2014年W杯ブラジル大会の開幕まで、あと2週間余りとなったが・・・(写真は開幕戦が行われるアレーナ・デ・サンパウロ)〔AFPBB News

 ブラジルはだてに「o País do Futebol(サッカーの国)」と呼ばれてきたわけではない。中南米最大の大国ブラジルはワールドカップ(W杯)を5回制覇した唯一の国だ。

 その成功が著しいゆえに、ブラジルは1970年に最初のW杯トロフィーであるジュール・リメ杯の永久保持を許された。当時の国際サッカー連盟(FIFA)の規則は、W杯を3度制した最初のチームにその権利を授与していた。

 ところが、2014年大会が6月12日にサンパウロで始まるまで2週間余りとなった今、ブラジル国民は行く手に待ち受ける大会への熱意をほとんど見せていない。

 このような印象を与えているのは、ストライキやデモの急増だけではない。通常はW杯に先立って見られるブラジルの街頭の賑わい――車は旗や横断幕で飾られ、壁や道路はナショナルカラーの緑と金で塗り上げられる――が、今年はあまり目立たない。通常であれば、3月初めのカーニバルが終わると直ちに始まっていたはずだ。

 では、ブラジルはまだサッカーの国なのだろうか? それともW杯の組織団体であるFIFAと政治的に明敏なルイス・イナシオ・ルラ・ダ・シルバ前大統領が2007年に大会開催で合意した時に予想できなかったような形でブラジルは変わったのだろうか?

ずさんな準備や公金の浪費に批判、人口動態の影響も?

 ブラジル国民の明らかなためらいには、恐らく2つの理由がある。第1の理由は、W杯開催に向けたずさんな準備が全世界の前で自分たちに恥をかかせることになるとの不安だ。人々はまた、(証拠はまだ何一つ示されていないが)汚職、さらには基本的な公共サービスさえ不足している時に公金の浪費として非難されている大会とかかわりを持つことを嫌っている可能性もある。

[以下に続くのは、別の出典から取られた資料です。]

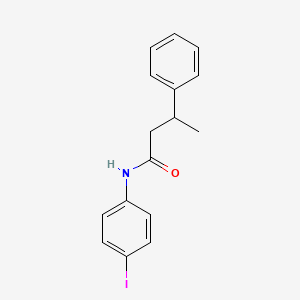 N-(4-iodophenyl)-3-phenylbutanamide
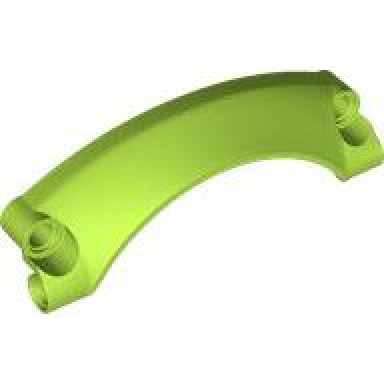 lime technic panel car mudguard arched 42 9 x 2 x 3 rounded top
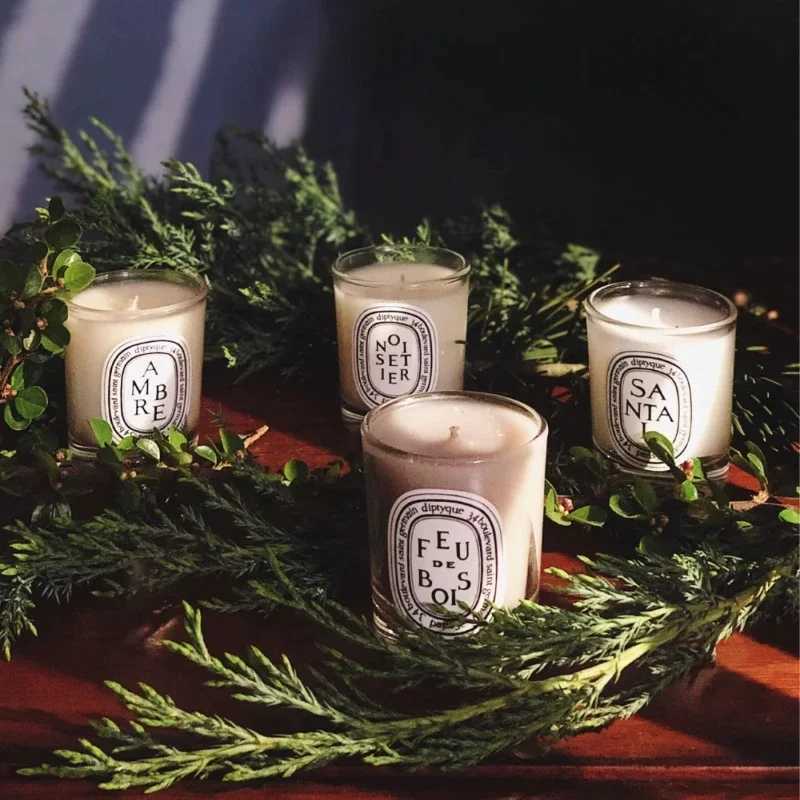 Classic Aromatherapy Candle Baies Natural Plant Essential Oil Scented Candle Figuier Fragrance Decoration Christmas Home Gift H260326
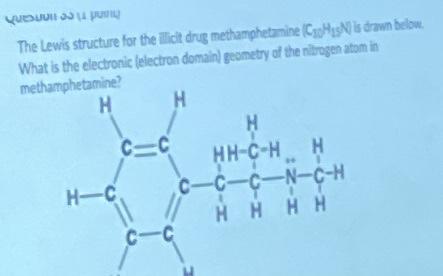 methamphetamine lewis structure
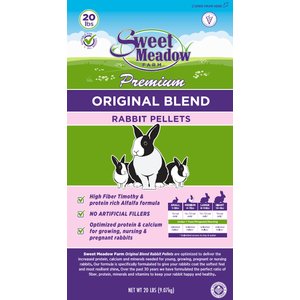 Sweet Meadow Farm Rabbit Pellets Premium Timothy Blend Rabbit Food, 20-lb bag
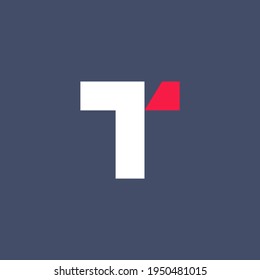 Elementos de la plantilla de diseño de iconos del logotipo de la carta T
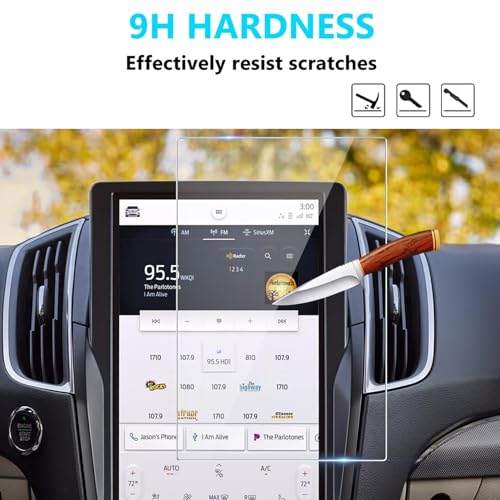 175x97mm Car Screen Protector for Stereo Radio, 9H HD Clear Tempered Glass - size: 175x97 mm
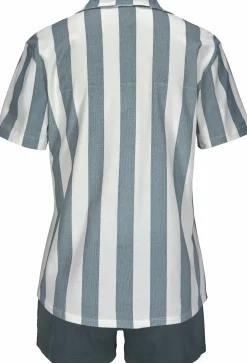 Nachtwäsche|Vivance Dreams Shorty grau-weiß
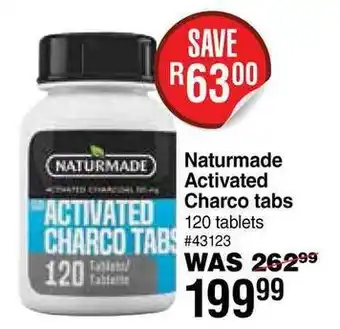 Dis-Chem Naturmade Activated Charco tabs offer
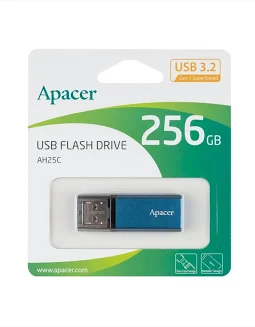 Флеш накопичувач usb3.2 256gb apacer ah25c ocean blue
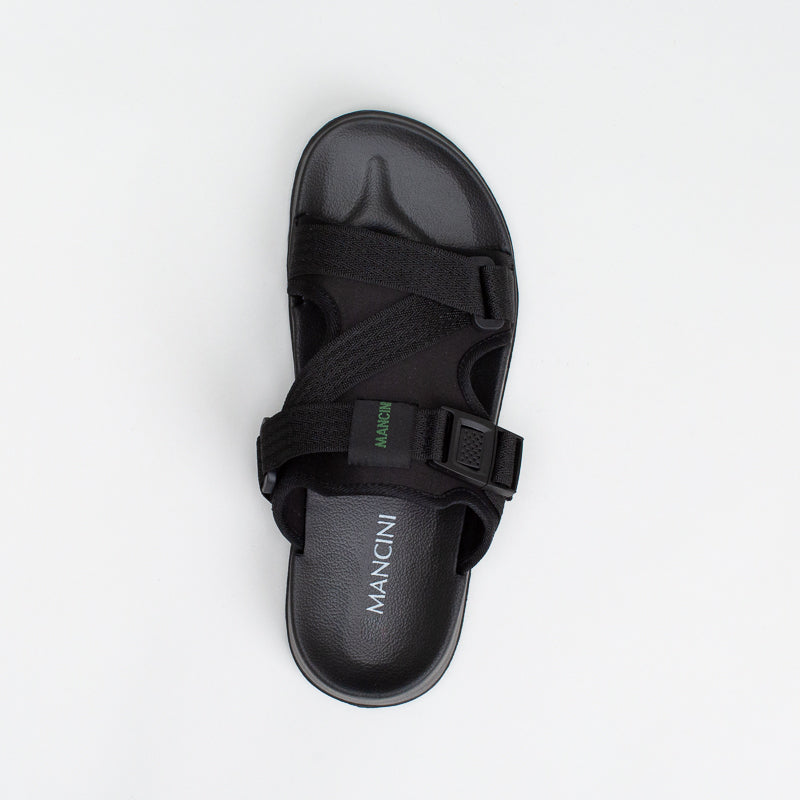 Mancini Men Nylon Mesh With Straps And Tape Detail _ 134430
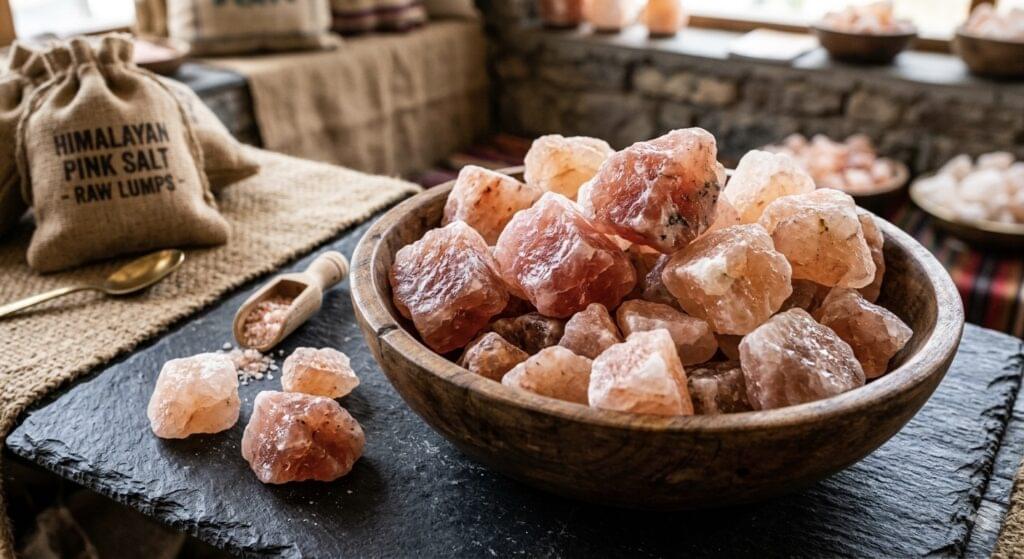Himalayan Edible Pink Salt Lumps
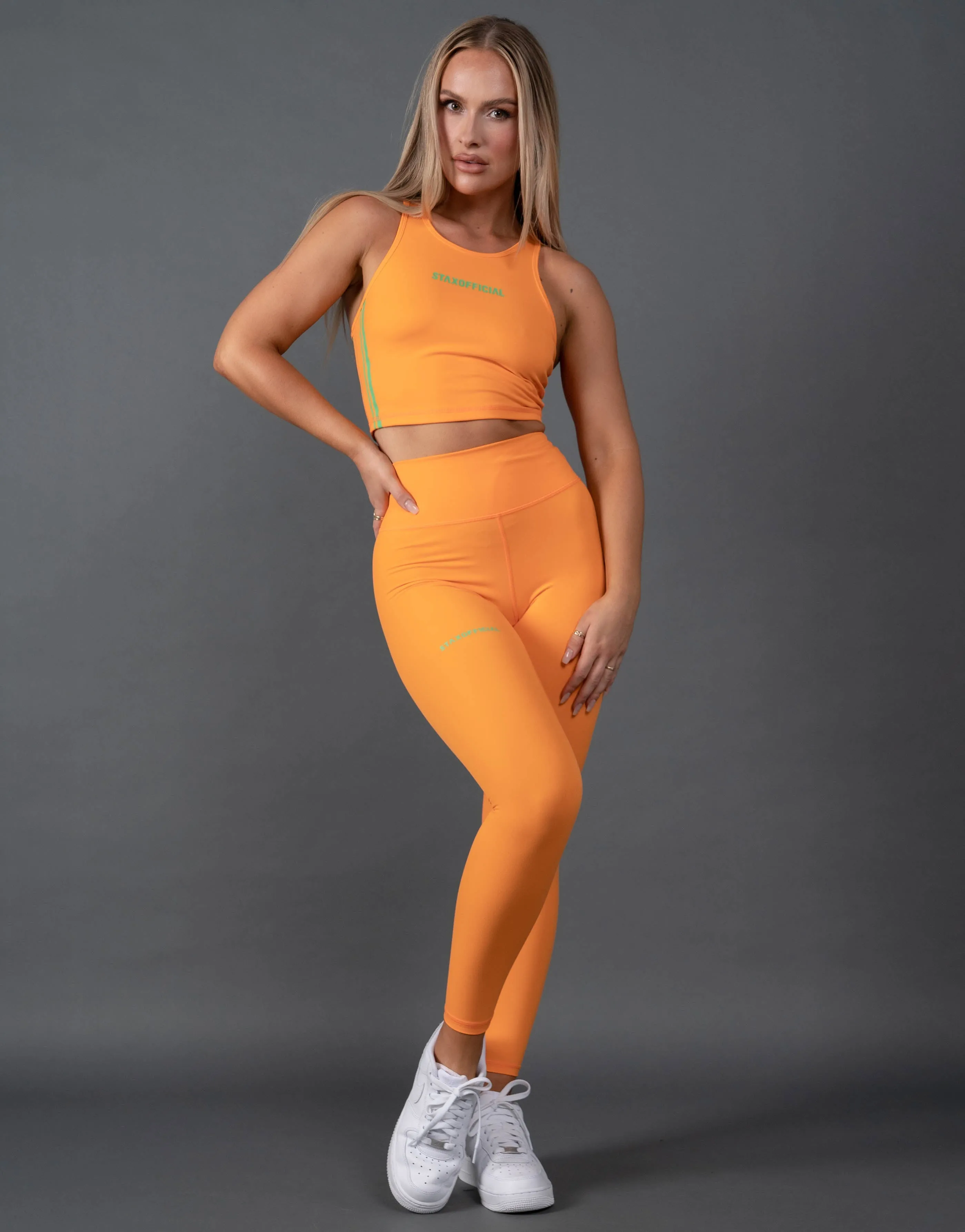 Summer 22 Crop Tank - Orange
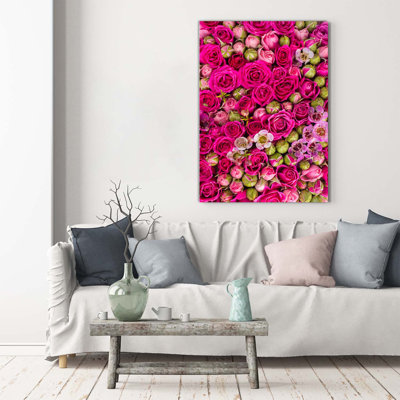 Bouquet Of Flowers - Wrapped Canvas Print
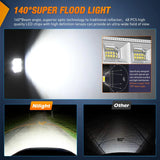 Nilight 4 Inch 48LED Square Flood LED Pod Lights (Pair), view 6
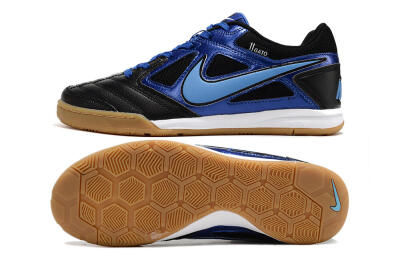 Supre x Nike SB Gato IC Indoor & Futsal Soccer Shoes - Black/Blue/White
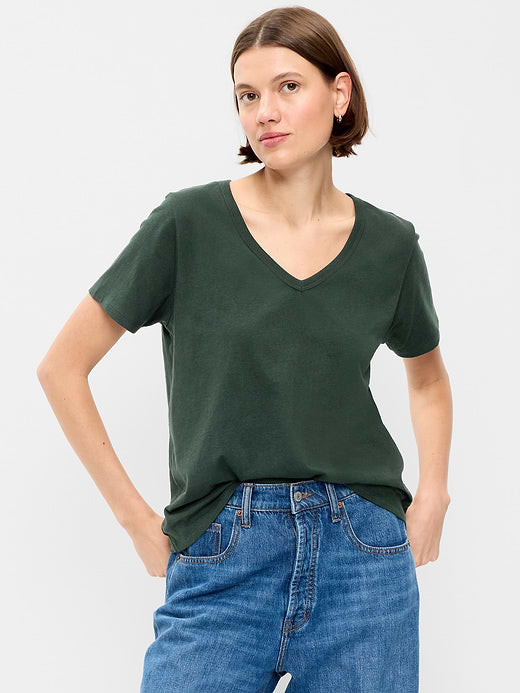 EveryWear V-Neck T-Shirt - Dark Bottle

 第2の、もっと根深い理由は人口動態と関係している。ブラジルは単に成熟したのだ。過去数十年間にW杯で優勝してきた頃と比べ、ブラジル人は高齢化し、多忙になっている。その結果、国民がサッカーのことを考える時間が減っている。

 野村証券とブラジル地理統計院(IBGE)のデータによると、人口全体に占める15~24歳の人口の比率は、1980年の21%から現在の17%に低下した。

 一方、25~59歳の働き盛りの生産年齢人口の数は1980年の35%から48%に増加した。この年齢層の人たちは現在、ほぼ完全雇用の状態にある。失業率は今年4月で4.9%と記録的な低さで、10年前の12%から大きく低下した。

 また、学校にとどまり、大学まで進学する若者が増えている。野村の調査では、9年以上教育を受けたブラジル人の比率は過去10年間でほぼ倍増したことが分かった。